Flustered, I said, “What have you got against him? You hardly know him.”

“I don’t need to know him. He’s a guy, they’re all the same. If they’re not trying to get into our pants, they’re busy ignoring us or putting us down. You don’t need him.”

Anger rose in me. “First of all, he’s not like that…”

Jeanne chimed in, “Yeah, it took them, what Janie, 18 months to go all the way?”

Leslie sneered back at me. “Was it worth it? Where do you think this is going, anyway?”

I looked to Marcia for help. She was leaning over the balcony, nodding her head with Bonnie’s syncopating blues. Jeanne studiously examined her fingernails.

I thought carefully, then said, “It might be true, I’m using him, he’s using me. But neither of us cares” – here I hesitated, afraid of being seen as innocent, naive – “it doesn’t matter, because…we love each other.”

Leslie snorted. “Aww, that’s sweet. ‘You love each other.’ What’s that mean, anyway? Girls say that because they want to be wanted, and boys say that so they can get what they want. Then they ignore you, or worse.”

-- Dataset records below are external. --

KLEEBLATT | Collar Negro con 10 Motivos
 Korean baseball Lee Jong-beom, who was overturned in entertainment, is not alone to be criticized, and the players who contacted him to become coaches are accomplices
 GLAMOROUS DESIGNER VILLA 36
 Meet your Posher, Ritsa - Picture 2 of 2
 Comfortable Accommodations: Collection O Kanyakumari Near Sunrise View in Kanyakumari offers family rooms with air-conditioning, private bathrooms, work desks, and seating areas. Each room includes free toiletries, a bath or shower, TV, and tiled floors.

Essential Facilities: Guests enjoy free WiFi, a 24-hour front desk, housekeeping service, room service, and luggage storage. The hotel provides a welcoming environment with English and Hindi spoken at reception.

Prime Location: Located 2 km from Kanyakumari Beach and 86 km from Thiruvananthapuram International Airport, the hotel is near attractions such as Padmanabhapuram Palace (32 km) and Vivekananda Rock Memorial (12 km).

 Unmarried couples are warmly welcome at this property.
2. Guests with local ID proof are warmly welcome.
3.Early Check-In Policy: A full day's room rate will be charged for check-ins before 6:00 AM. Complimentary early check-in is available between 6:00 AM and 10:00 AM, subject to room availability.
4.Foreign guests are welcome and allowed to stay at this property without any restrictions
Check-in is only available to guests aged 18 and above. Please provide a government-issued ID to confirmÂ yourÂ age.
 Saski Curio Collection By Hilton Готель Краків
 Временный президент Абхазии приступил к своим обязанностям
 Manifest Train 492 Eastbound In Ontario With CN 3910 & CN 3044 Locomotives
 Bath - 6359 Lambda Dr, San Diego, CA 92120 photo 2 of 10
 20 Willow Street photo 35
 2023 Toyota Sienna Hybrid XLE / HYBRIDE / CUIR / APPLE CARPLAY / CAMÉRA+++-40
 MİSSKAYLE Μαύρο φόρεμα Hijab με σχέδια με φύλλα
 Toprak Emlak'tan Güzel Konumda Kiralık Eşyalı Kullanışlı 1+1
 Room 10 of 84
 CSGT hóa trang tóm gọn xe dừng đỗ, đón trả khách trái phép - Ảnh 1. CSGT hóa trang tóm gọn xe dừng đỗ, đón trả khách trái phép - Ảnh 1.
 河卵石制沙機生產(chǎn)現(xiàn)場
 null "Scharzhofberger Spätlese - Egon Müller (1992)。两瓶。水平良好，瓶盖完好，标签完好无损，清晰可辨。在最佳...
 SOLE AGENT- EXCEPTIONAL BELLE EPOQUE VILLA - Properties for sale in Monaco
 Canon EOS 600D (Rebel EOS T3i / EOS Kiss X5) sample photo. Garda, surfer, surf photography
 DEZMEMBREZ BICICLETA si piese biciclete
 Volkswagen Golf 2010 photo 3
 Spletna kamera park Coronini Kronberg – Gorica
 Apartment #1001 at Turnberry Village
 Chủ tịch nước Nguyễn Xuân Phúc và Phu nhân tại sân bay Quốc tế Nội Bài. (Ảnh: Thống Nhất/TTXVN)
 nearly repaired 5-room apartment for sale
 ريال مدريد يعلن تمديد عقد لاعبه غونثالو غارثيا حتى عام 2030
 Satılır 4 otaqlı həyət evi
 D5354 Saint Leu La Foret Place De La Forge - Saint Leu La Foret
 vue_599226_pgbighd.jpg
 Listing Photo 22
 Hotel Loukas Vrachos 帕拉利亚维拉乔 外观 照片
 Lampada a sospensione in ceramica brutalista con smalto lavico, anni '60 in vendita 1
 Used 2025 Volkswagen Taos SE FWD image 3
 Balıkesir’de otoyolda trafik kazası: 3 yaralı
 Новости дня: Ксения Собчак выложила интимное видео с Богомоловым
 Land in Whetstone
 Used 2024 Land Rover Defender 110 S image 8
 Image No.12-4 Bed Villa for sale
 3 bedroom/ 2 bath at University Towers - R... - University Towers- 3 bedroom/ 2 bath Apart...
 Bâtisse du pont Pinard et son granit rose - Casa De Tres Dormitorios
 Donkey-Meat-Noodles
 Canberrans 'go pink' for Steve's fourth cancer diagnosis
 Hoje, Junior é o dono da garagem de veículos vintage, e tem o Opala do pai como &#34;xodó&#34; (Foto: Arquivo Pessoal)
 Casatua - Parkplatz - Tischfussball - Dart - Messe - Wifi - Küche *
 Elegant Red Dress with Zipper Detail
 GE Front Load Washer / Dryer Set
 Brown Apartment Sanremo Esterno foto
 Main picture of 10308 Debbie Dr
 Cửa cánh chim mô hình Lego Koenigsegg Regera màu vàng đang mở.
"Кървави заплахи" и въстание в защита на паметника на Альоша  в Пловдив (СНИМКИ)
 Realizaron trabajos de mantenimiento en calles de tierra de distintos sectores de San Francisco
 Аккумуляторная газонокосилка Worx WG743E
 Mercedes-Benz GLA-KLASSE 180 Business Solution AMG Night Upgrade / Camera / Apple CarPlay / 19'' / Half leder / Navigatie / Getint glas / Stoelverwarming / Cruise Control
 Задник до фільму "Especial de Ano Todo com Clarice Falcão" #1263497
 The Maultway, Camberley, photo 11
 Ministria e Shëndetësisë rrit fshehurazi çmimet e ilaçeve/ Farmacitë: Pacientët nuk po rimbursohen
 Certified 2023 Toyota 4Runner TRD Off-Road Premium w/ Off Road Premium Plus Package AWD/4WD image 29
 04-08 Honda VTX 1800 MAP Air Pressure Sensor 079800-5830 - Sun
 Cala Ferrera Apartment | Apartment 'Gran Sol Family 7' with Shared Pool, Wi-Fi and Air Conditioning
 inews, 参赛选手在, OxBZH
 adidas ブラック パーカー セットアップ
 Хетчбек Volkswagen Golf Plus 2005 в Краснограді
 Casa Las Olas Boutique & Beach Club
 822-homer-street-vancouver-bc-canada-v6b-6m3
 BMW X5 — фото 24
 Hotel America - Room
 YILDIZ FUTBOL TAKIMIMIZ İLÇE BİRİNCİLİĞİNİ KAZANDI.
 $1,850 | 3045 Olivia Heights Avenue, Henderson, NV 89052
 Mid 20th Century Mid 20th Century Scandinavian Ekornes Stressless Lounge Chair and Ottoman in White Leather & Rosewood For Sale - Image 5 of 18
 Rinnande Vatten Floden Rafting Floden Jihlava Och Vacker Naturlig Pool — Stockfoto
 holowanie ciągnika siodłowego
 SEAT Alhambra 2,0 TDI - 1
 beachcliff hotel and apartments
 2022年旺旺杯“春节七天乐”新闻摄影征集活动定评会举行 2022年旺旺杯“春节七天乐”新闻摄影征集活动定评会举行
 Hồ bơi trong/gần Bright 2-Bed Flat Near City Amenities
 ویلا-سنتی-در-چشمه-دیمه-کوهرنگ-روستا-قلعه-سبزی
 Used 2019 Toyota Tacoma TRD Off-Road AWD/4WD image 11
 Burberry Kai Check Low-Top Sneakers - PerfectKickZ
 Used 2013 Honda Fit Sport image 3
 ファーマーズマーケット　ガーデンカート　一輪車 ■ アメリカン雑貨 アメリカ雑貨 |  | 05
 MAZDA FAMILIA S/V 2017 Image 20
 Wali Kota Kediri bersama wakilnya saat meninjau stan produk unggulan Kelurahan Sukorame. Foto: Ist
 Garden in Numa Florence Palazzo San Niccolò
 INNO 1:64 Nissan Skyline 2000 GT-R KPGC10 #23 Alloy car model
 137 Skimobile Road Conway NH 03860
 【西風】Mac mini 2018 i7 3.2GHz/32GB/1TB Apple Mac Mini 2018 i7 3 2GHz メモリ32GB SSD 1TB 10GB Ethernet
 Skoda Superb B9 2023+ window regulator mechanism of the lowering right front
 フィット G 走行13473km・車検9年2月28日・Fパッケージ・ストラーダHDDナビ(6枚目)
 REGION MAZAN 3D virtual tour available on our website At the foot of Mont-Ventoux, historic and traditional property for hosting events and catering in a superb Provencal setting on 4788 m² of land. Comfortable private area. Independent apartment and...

“He says I complete him, I make him a better person. And he sees a part of me no one else knows is there.” My analytic head sidled up next to the emotional tugs inside my heart, trying for an understanding, a merger. “OK, here’s the way I see it… love is not a simple, isolated thing to me. It may have started with feelings, a desire to have someone to fawn over. But that’s not enough, at least not for me. I can share what I’m thinking, what I’m seeing, where I want to go, in a way that’s deeper, fuller, different than I get with anyone else.” I glanced at Marcia and Jeanne. “Not my best friends. Not my family. Not anybody. With Michael, he’s all those things, and more.”

Incredulous, Leslie asked, “There’s more?”

“The way he views the world, how he moves through it. He told me once, he has two rules that guide him, ‘Always be honest. And never do anything for the sole reason it’s expected of you.’ That makes it hard, sometimes, I know. In the end, though, it’s his authenticity I cherish most.”

Leslie looked about to explode, then sighed, “You’re a lost cause, a hopeless romantic. That stuff’s not real. You’re better off getting what you can from someone like him, and moving on to the next one. Or keep him around in reserve, while you find out what the rest of the world is like.”

I wondered if Leslie had ever felt love the way I had, or if she’d been hurt, abandoned. I’d had good luck, to stumble onto Michael Harrison. I wanted to say, “I know what it’s like to be loved, and that’s a feeling I don’t ever want to lose.”